Has Bionic stepped over the GPL line?
Way back in the early days of Linux, shortly after Linus Torvalds switched the kernel from his own "non-commercial" license to the GPL, he also added an important clarification to the kernel's license. In the COPYING file at the top of the kernel tree since mid-1993, there has been a clear statement that Torvalds, at least, does not consider user-space programs to be derived from the kernel, and thus are not subject to the kernel's license:
One could easily argue that this distinction is one of the reasons that Linux is so popular today as programs written to run on Linux can be under whatever license that the developer chooses. Some recent analyses of Google's Bionic libc implementation, which claim that Google may be violating the kernel's license, seem to be missing—or misunderstanding—that clarification.

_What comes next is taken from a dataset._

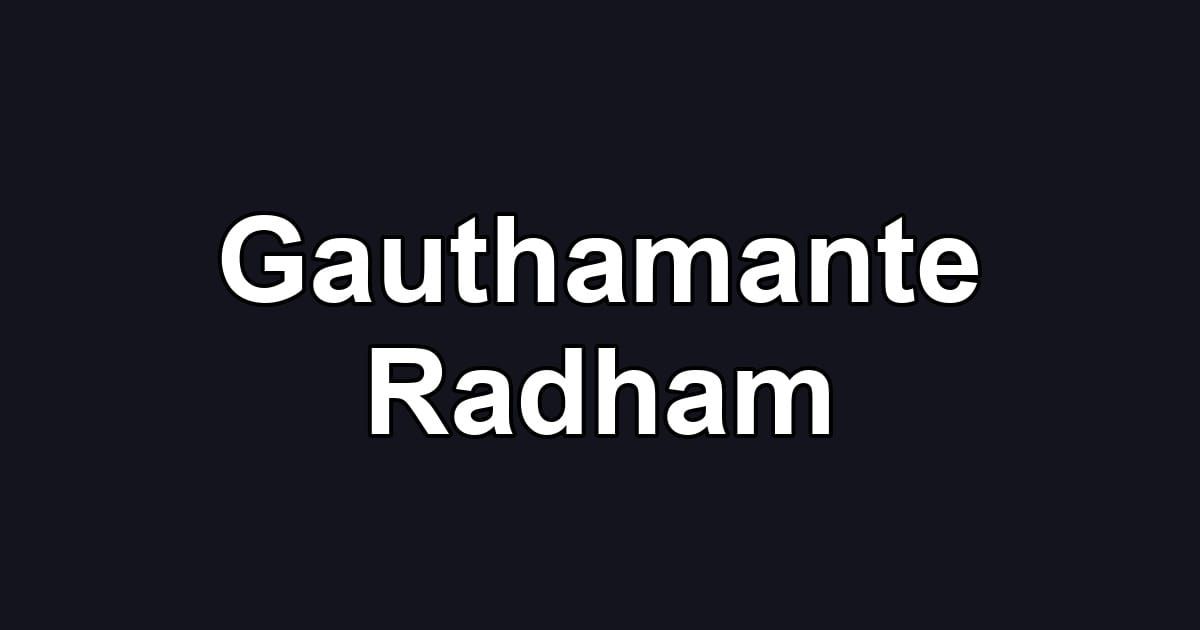 Gauthamante Radham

A blog posting from Raymond T. Nimmer, who is a professor specializing in intellectual property (IP) law, was the starting point. That posting looks at the boundaries between copyleft and non-copyleft code. Nimmer specifically analyzes the question of whether header files that specify an API to a GPL-covered work can be incorporated into a program that is not released under the GPL. He points to Google's use of the kernel header files in the Bionic library as an example and concludes:
Nimmer's post was noticed by Edward J. Naughton, a practicing IP attorney, who then wrote briefly about it at the Huffington Post. Naughton also did a much longer analysis [PDF] as an advisory for his law firm, Brown Rudnick. That advisory concludes with a fairly ominous warning:
In turn, Naughton and Nimmer's analyses were picked up by Florian Mueller who wrote a blog post about the serious threat that Google and Android face because of this supposed GPL violation. So, is Google really circumventing the GPL in a way that could threaten Linux? To answer that, we'll have to dig into what Bionic is, how it is built, and whether it violates the letter or spirit of the Linux COPYING file.
An interface for user space
The kernel exists to provide services to user space, and one can do nothing useful from user space on a Linux system without invoking the kernel via a system call. That system call boundary is quite clear. It requires a special instruction that puts the CPU into kernel mode in order to invoke one. While programmers may see system calls as simple library calls, that's not what's happening under the covers.
In order to use Linux system calls, though, it is necessary to get information from the kernel header files. Various pieces of information are needed including system call numbers (which is how they are invoked), type information for various system call arguments, as well as constants that are required to properly invoke those calls. That information is stored in the kernel headers and any program that wants to run on Linux needs to get that information somehow.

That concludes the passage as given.